RESULTS OF OPERATIONS
Comparison of Three Months Ended September 30, 1997 and Three Months Ended
September 30, 1996
Overview. Cash flow before changes in operating assets and liabilities
increased 19% to $4.8 million in the third quarter of 1997 from $4.0 million in
the third quarter of 1996. Net income decreased 64% to $227,000, or $0.03 per
share, in the third quarter of 1997 compared to $635,000, or $.07 per share,
recorded in the third quarter of 1996. Third quarter 1997 net income was
significantly impacted by increased DD&A largely due to the year-end 1996
reduction in proved reserves at the Company's Texas waterflood project.
Assuming the reduction in reserves occurred at the beginning of 1996 rather than
at the end, net income would have been level between quarters.
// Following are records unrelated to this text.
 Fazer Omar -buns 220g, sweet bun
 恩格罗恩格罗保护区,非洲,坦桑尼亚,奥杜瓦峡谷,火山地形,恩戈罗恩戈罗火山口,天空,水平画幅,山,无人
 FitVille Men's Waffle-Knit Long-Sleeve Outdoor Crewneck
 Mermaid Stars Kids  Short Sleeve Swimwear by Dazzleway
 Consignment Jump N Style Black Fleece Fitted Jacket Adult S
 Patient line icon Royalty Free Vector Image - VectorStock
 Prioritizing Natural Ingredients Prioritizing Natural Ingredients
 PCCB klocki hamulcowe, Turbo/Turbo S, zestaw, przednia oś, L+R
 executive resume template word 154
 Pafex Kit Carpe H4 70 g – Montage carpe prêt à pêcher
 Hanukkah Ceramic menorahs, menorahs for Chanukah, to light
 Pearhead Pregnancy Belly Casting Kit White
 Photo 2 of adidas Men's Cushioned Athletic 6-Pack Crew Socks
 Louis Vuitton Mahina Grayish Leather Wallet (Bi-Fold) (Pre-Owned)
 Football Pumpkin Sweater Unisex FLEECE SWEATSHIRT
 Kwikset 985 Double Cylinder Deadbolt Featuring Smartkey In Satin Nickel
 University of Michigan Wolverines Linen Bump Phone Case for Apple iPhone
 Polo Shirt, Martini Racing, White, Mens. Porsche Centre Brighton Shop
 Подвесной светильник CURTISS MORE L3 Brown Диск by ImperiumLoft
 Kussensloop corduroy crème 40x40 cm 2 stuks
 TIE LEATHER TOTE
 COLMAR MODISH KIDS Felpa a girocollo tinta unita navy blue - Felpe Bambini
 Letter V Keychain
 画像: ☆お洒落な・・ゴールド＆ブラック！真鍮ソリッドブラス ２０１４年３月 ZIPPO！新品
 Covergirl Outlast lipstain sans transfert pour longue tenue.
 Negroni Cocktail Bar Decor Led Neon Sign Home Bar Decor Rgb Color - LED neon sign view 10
Revenues. Total revenues increased 20% to $8.7 million in the third quarter
of 1997 compared to $7.3 million in the third quarter of 1996. Oil production
increased 21% to 198 Mbbls from 163 Mbbls. Natural gas production increased 28%
to 2,549 MMcf in the third quarter of 1997 from 1,996 MMcf in the third quarter
of 1996, resulting in overall production increasing 26% to 623 MBOE from 496
MBOE. The increase in oil volume is primarily related to the Millarville and
Gulf Coast acquisitions. The increase in natural gas production also reflects
the impact of the two acquisitions coupled with an increase in the Company's
share of gas production in the Hanlan-Robb area in western Alberta as a result
of an increase in ownership following a February 1997 payout to its joint
venture partner.
The Company's average U.S. natural gas price increased 10% to $2.36 per Mcf in
the third quarter of 1997 from $2.15 per Mcf in the third quarter of 1996, while
the average Canadian natural gas price increased 7% to $1.30 from $1.22. The
Company's composite average oil price decreased 11% to $18.07 per barrel in the
third quarter of 1997 from $20.21 per barrel in the third quarter of 1996. As a
result of hedging transactions, the Company's third quarter 1996 average oil
price was reduced by $1.01 per barrel from the average price that would have
otherwise been received. No hedging transactions were in place during the third
quarter of 1997. Primarily as a result of the increase in production, oil and
gas revenues increased 20% to $8.3 million in the third quarter of 1997 from
$6.9 million in the third quarter of 1996.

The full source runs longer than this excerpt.